* Extracted material
──────
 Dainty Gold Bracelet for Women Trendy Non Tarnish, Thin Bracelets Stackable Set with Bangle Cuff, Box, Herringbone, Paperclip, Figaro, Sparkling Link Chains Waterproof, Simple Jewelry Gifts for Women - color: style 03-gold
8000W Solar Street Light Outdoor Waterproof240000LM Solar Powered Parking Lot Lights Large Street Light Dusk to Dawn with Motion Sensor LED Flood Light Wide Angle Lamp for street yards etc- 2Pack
──────
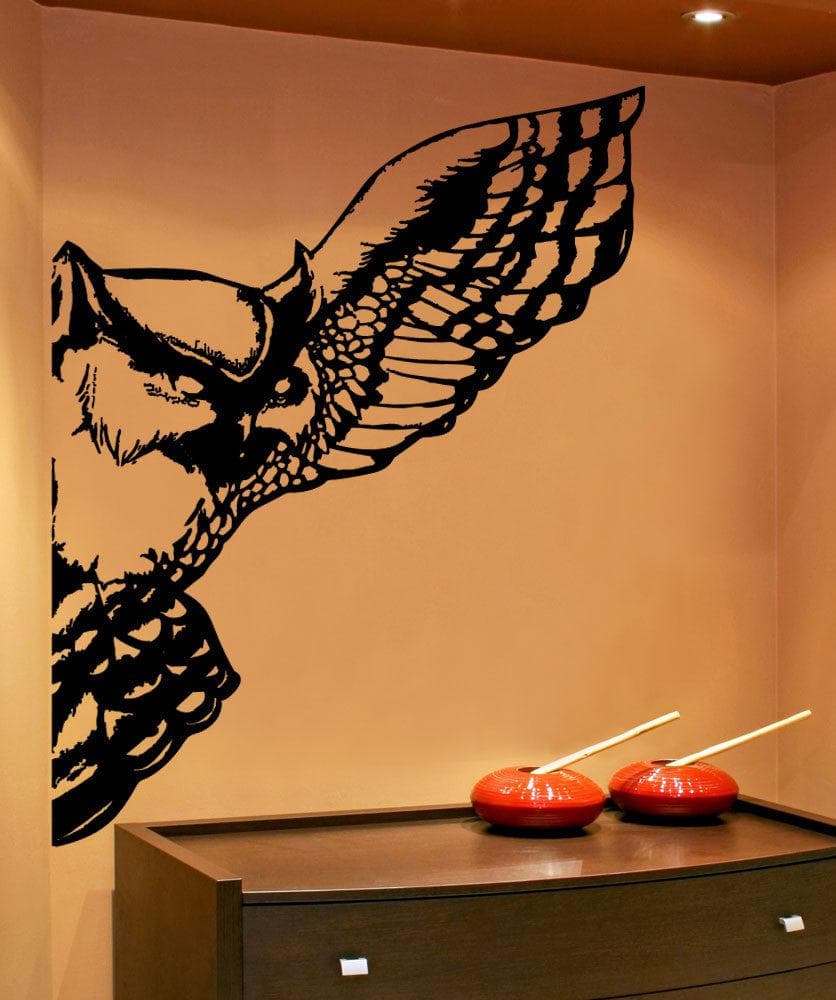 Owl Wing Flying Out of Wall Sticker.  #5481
──────
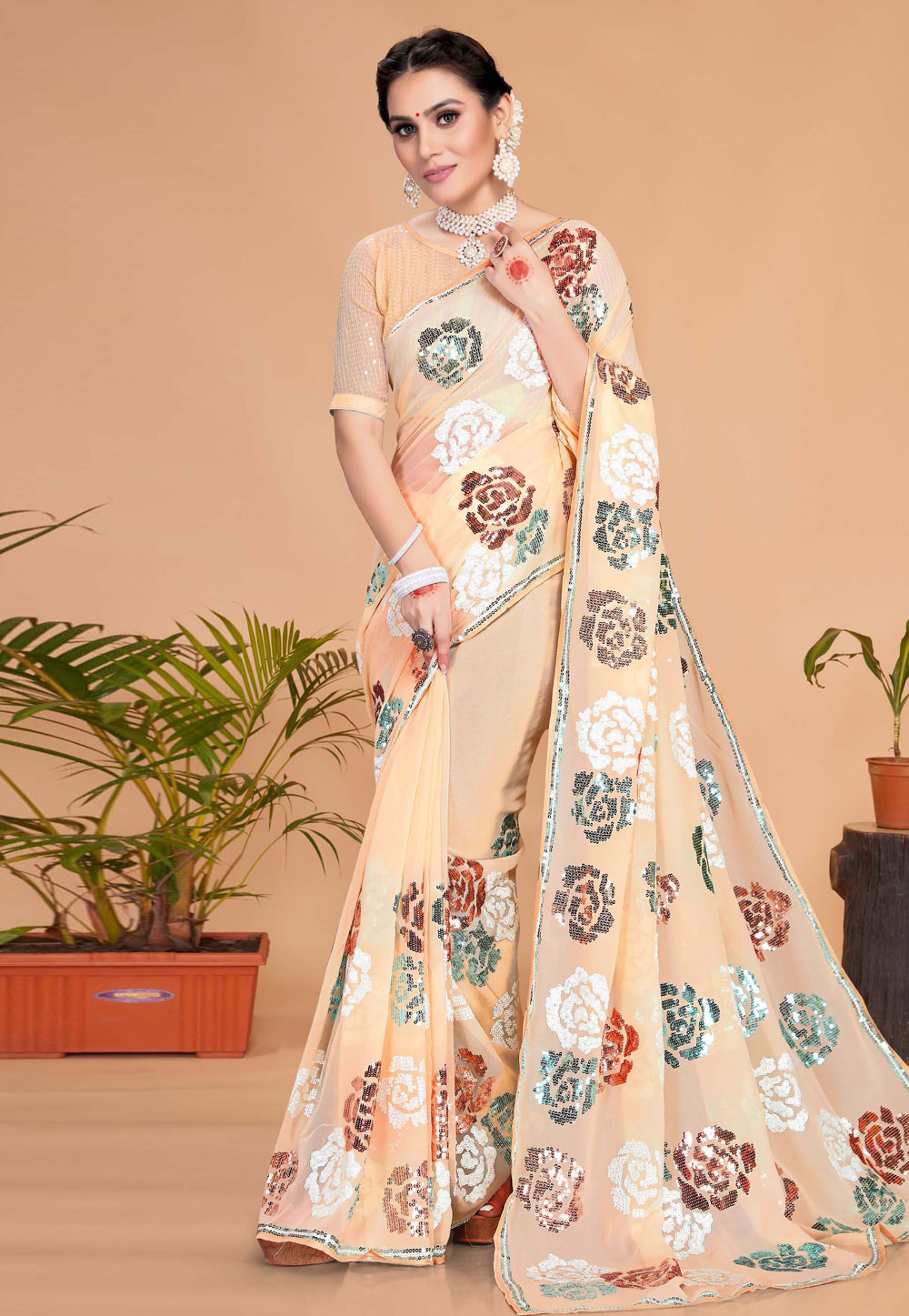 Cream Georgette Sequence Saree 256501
──────
* Exercise instructions
All lines above from the one holding "Dainty Gold Bracelet" to the one holding "8000W Solar Street", inclusive, are to be copied exactly; no other line is wanted.

* Finished exercise
 Dainty Gold Bracelet for Women Trendy Non Tarnish, Thin Bracelets Stackable Set with Bangle Cuff, Box, Herringbone, Paperclip, Figaro, Sparkling Link Chains Waterproof, Simple Jewelry Gifts for Women - color: style 03-gold
8000W Solar Street Light Outdoor Waterproof240000LM Solar Powered Parking Lot Lights Large Street Light Dusk to Dawn with Motion Sensor LED Flood Light Wide Angle Lamp for street yards etc- 2Pack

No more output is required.